→ **ACTIVITY**: Only the lines from the top of the data through the line containing "Small Mist Fan Humidification Usb Charging" should be duplicated, exactly as they appear.

→ **DATA SHOWN**:
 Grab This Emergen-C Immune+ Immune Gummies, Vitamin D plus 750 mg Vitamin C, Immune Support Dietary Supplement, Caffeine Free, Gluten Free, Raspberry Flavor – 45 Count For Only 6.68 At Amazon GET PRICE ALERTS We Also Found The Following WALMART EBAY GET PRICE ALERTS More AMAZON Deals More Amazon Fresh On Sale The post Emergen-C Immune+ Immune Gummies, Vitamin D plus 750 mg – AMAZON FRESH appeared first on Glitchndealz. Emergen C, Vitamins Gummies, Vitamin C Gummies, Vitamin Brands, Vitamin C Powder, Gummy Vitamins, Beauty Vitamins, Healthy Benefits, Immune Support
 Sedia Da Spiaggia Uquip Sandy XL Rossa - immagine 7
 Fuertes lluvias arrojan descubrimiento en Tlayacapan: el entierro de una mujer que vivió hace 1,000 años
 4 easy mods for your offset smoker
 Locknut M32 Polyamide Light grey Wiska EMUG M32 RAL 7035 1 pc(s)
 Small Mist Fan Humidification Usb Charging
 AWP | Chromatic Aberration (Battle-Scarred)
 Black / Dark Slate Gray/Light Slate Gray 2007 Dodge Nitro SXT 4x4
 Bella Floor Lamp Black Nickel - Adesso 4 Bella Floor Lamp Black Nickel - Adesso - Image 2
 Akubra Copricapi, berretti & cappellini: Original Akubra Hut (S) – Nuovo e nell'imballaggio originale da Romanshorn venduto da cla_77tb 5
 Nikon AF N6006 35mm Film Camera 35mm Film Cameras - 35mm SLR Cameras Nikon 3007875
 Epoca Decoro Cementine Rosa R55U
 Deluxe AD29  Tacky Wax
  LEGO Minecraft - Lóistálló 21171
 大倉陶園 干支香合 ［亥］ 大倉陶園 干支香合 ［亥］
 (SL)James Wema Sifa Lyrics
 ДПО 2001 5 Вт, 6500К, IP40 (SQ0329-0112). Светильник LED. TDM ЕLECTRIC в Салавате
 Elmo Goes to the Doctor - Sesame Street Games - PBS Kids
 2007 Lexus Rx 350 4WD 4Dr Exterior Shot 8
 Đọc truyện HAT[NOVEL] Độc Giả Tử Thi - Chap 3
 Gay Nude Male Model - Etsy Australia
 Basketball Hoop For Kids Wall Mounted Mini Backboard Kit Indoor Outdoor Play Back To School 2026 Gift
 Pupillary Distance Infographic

→ **PROBLEM SOLUTION**:
 Grab This Emergen-C Immune+ Immune Gummies, Vitamin D plus 750 mg Vitamin C, Immune Support Dietary Supplement, Caffeine Free, Gluten Free, Raspberry Flavor – 45 Count For Only 6.68 At Amazon GET PRICE ALERTS We Also Found The Following WALMART EBAY GET PRICE ALERTS More AMAZON Deals More Amazon Fresh On Sale The post Emergen-C Immune+ Immune Gummies, Vitamin D plus 750 mg – AMAZON FRESH appeared first on Glitchndealz. Emergen C, Vitamins Gummies, Vitamin C Gummies, Vitamin Brands, Vitamin C Powder, Gummy Vitamins, Beauty Vitamins, Healthy Benefits, Immune Support
 Sedia Da Spiaggia Uquip Sandy XL Rossa - immagine 7
 Fuertes lluvias arrojan descubrimiento en Tlayacapan: el entierro de una mujer que vivió hace 1,000 años
 4 easy mods for your offset smoker
 Locknut M32 Polyamide Light grey Wiska EMUG M32 RAL 7035 1 pc(s)
 Small Mist Fan Humidification Usb Charging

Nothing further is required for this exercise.